CSC362 2004S, Class 17: Predictive Parsing (3): Helpful Tables

Admin:
* The late list returns: Ananta (abs), Piper (abs), Davis
* Questions or comments on yesterday's lab?
  * Feel free to copy code (and cite it)
  * Feel free to email questions
* Questions on your parsers?
  * Will Sam write the tests for you?  No.
  * Do we have to do hand-coded predictive parsers.  No.  However, if you do something else and things go wrong: (1) It's your own damn fault and (2) I'll be less likely to be able to help you.
  * What are some things likely to cause problems?
    * Statements include assignment statements or procedure calls; both assignment statements and procedure calls begin with identifiers
    * Factors include both function calls and identifiers; both begin with identifiers
    * Pascal makes the stupid decision that zeroary functions and procedures don't need parens
      * Solution one: Handle it at the type-checking phase
      * Solution two: Change the language [Sam permits it in this case]
  * How do we deal with things that may have many different forms (e.g., variables)?
    * Check each in turn (sorry)

What do we do when lots of right hand sides begin with the same thing
variable ::= identifier
variable ::= identifier . identifier
vairable ::= identifier [ expression ]
variable ::= variable^
variable ::= function_call 
function_call ::= identifier ( expression_list )

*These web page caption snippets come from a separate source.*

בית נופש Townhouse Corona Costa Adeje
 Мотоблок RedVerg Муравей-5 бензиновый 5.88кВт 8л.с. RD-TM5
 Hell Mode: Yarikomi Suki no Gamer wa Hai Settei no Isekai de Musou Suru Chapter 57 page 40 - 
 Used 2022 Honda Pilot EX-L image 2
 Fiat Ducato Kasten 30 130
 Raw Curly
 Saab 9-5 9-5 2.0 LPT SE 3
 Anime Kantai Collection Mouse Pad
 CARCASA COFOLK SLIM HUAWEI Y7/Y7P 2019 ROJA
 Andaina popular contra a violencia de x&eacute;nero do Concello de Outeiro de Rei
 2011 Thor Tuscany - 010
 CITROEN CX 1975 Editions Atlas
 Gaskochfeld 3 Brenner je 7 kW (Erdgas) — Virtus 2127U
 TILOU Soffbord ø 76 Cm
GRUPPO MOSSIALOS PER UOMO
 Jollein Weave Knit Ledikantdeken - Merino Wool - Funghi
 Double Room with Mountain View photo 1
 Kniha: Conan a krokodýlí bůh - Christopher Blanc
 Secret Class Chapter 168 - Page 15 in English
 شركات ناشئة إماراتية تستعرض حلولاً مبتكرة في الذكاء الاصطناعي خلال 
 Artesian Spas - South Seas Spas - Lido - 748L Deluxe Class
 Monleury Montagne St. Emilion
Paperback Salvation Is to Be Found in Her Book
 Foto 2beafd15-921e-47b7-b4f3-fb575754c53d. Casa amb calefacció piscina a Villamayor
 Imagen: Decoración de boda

Traditionally when we have this problem, we *left factor* the grammar.
Extract common part of RHSs, create new nonterminal for the stuff you have to decide between

variable ::= identifier extra-variable-stuff

extra-variable-stuff ::= epsilon
extra-variable-stuff ::= DOT identifier
extra-variable-stuff ::= LBRACKET expression RBRACKET
extra-variable-stuff ::= UPARROW
extra-variable-stuff ::= LPAREN expression_list RPAREN

public Node parseVariable(TokenStream tokens)
{
  if (tokens.peek() instanceof Identifier)
    parseExtraVariableStuff(tokens.next(), tokens);
  else
    return error("You seem unaware of what a variable is");
} // parseVariable(TokenStream)

public Node parseExtraVariableStuff(Token id, TokenStream tokens)
{
  if (tokens.peek() == PascalTokens.T_LEFT_BRACE) {
    Vector children = new Vector;
    children.add(new Node(id, null));
    consume(tokens, PascalTokens.T_LEFT_BRACE);
    children.add(parseExpression(tokens));
    consume(tokens, PascalTokens.T_RIGHT_BRACE);
    return new Node(PascalNonterminals.ARRAY_REFERENCE, children);
  }
  ...
  else {
    return new Node(id, null); // Just the identifier
  }
} // parseExtraVariableStuff(Token, TokenStream)

Overview:
* Three helpful tables and two helpful functions
* Why we have those tables
* The first function
* Building the First table
* The nullable function
* Building the Nullable table
* Building the Follow table

/Sample Grammars/
Grammar One:
R1: s ::= b s X
R2: s ::= A
R3: b ::= epsilon
R4: b ::= B

Grammar Two:
R1: s ::= b X
R2: s ::= A C
R3: s ::= c d
R4: b ::= epsilon
R5: b ::= B
R6: c ::= C
R7: c ::= epsilon
R8: d ::= D
R9: d ::= epsilon

Overall goal of recursive-descent analysis:
* Given a nonterminal to match and the next input token, determine precisely which RHS to apply.
* Easy part: If the next input token can begin exactly one rhs for the nonterminal, you're set.
  * For rhs's that begin with tokens, this is easy.
  * For rhs's that begin with nonterminals, we need to do more work (first(rhs))
* Hard part: What happens if the rhs can be empty?
  * How do we determine if a rhs can be empty?  nullable(rhs)
  * How do we decide whether or not to apply a => empty rule?
    * The hack answer: Whenever nothing else applies, apply that rule
    * The better answer: If the next input token can *follow* the nonterminal in a derived string, feel free to nullify the nonterminal (catches errors early; also helps identify potential problems in the grammar)  Follow[n]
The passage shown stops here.